Issue: WON the non-disclosure of Chua of the other policies will prevent him from claiming from
American Home Assurance.
Held: NO. Where the insurance policy specifies as a condition the disclosure of existing co-insurers, nondisclosure thereof is a violation that entitles the insurer to avoid the policy. This condition is common in
fire insurance policies and is known as the other insurance clause. The purpose for the inclusion of this
clause is to prevent an increase in the moral hazard. Sec. 75 of the Insurance Code provides: A policy
may declare that a violation of specified provisions thereof shall avoid it, otherwise the breach of an
immaterial provision does not avoid the policy.

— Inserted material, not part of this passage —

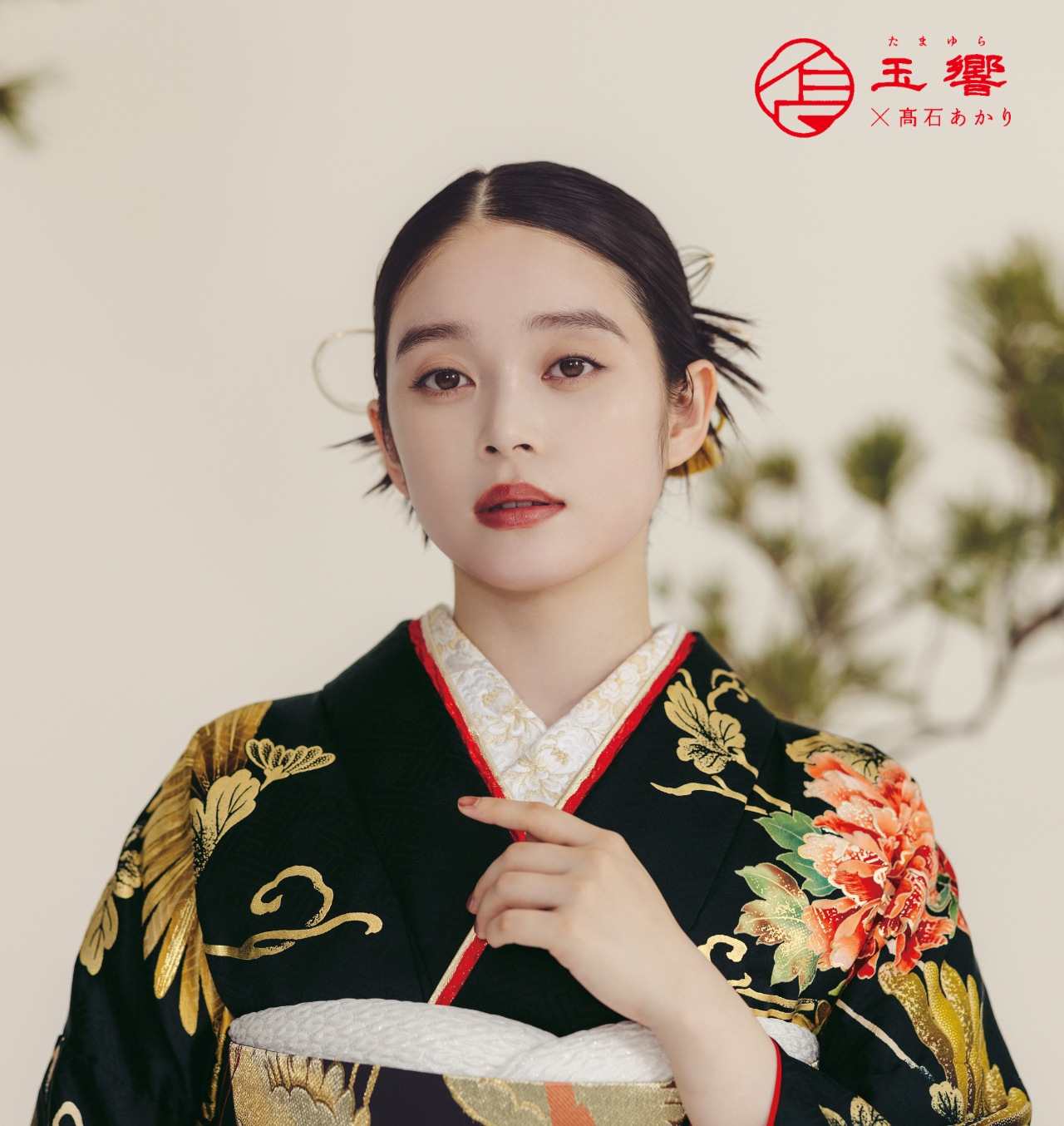 緑色の振袖を着た女性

The documents in question are the income tax returns for 1987 to 1989. The finding of fact by the CA that
the BIR certified that Moonlight Enterprises paid the proper taxes during the period, is conclusive. As to
the other insurance clause, the allegation of fraud will prosper only if the failure to disclose is
intentional and fraudulent.
To constitute a violation the other existing insurance contracts must be upon the same subject matter and
with the same interest and risk. Here, Chua might have failed to disclose the information of having other
insurance contracts, but petitioner is estopped from invoking this, because petitioner's loss adjuster
admitted previous knowledge of the co-insurers, hence there was no deception. AHs loss adjuster had
known of the other existing insurance contracts, yet, he did not use that as basis for his recommendation
of denial. The loss adjuster, being an employee of AH, is deemed a representative of the latter whose
awareness of the other insurance contracts binds AH. Hence there was no violation of the other insurance
clause by Chua.

United Merchants Corp., v. Country Bankers Insurance Corp. (G.R. No. 198588, July 11, 2012)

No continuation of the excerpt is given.